We spent a good chunk of today at or around the international airport, but it was actually a really good day. One of the best parts was the delightful misunderstanding at lunchtime.
Now, to understand the significance of part of it, you must first know what happened yesterday. My mom, my stepdad, my stepsister and her boyfriend, and I went to lunch at a restaurant in The Galleria. My mom and stepdad went in first, while we kids went to look at a Lamborghini just outside the doors. When we filed into the restaurant, we saw them heading up the stairs, and followed. They told us up top that the waitress downstairs had told them to pick a seat anywhere, and had specifically mentioned that whether upstairs or downstairs was of no importance – it was open seating.
However, a waitress was rather snotty with us when we mentioned this upstairs, after asking kindly if a certain table could be wiped down before we sat down at it. She declared that we needed to check in with the hostess (but would not help us find the hostess, even when we asked kindly) and that there was a wait time, and we could not pick our own seats.
About two minutes after finding the hostess, we were seated at the table we had originally found (and then requested). And the guy setting the table was unfathomably slow, leaving us all standing, watching, as he finished setting the flatware. (Not sure why anyone was bringing us to a table that wasn’t ready yet, but it just made us laugh at how ridiculous it all was.)
We were quite nice to everyone, keeping always in mind the fact that it was a holiday and that we were grateful for their being there. A good handful of the people at this place seemed just ready to throw things at people for the simple defiant act of existing. Nonetheless, we got our table and, eventually, food and all, and it was a good time all-in-all.
Now, fast forward to today, lunchtime. We found a Mexican place that was near the airport – and I mean Mexican, not Tex-Mex, and not non-Mexicans who claim to have Mexican food and whatnots – and was open. My stepdad went in first, while we all parked the car. My mom, my stepsister and her boyfriend, and I all walked in in a row as another family was leaving, excusing ourselves in Spanish as we bumped paths and all (I meant it, when I called it a Mexican place.). As I walked in behind my mom, I saw my stepdad standing next to a table just two over from the door. He said that the lady told him that we could sit there, but he was going to the bathroom now.
So, we all slide into the booth and begin discussing whether there might be bleach in the cleaner (because the table was still damp from being cleaned and smelled a bit of bleach, but my mom had on black long-sleeves, and so wanted to be cautious about touching the table, if there were bleach in the cleaner), when a lady comes to our table and, in English, apologizes, but this table is already for another family. Could we please wait just a minute over here?

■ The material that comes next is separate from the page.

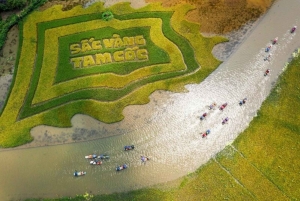 Из Ханоя: Экскурсия на лодке 'Там Кок' и экскурсия в пещеры Хоа Лу и Муа.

I turned to my mom, and asked her what their deal was with tables right now, and she could hardly fathom it herself, giving a genuine I have no idea. So, we stand up, the boyfriend telling the lady in Spanish not to worry and that we were completely okay. We wait to the side for perhaps 45 seconds. Then, the lady tells us that, okay, you can sit in this booth (the one just next to where we had sat down, and that was almost exactly the same). So, we sit, and comment how it is drier that the other table was. I sniff the table, and my stepsister fusses at me not to do so, but I explain that I was merely smelling for bleach, and she laughs.
My stepdad eventually returns, someone comes and takes our drinks orders (in Spanish, of course), and then the original lady comes to take our drink orders. I notice passively that no one ever sat at the table next to ours. We tell her that someone already had done so, but we are ready to make our food orders, however (all in Spanish, of course). Then, before taking our food order, as she looks at all of us, she says something surprising.
Apparently, since she spoke to my stepdad in Spanish originally, it was a non-compute that the rest of us would be the family with him. Though the boyfriend is from Mexico, he has blue eyes. I am dirty blonde and blue-eyed, and my mom is sort of a brown-haired, brown-eyed, older version of me. My stepsister just kind of blended in with us, since we were the majority look of our little group. So, we were the foreigners, so to speak, and clearly weren’t the family of the original guy who’d asked for the table a few minutes ago. She didn’t explain all of that, of course. We deduced that. But she did say (in Spanish) that she had thought that we did not belong to the gentleman to whom she had given the table, and so she told us that the table was taken by someone else. But, upon seeing that that same gentleman was at the new table, she realized her mistake. So, she apologized for it a few times, and we all enjoyed a good laugh at the whole thing.
No one ever ended up sitting at the table behind us, until the last few minutes that we were there, when a single man sat down to wait for someone or something briefly (so it seemed).
So, those were our adventures with table miscommunications this week.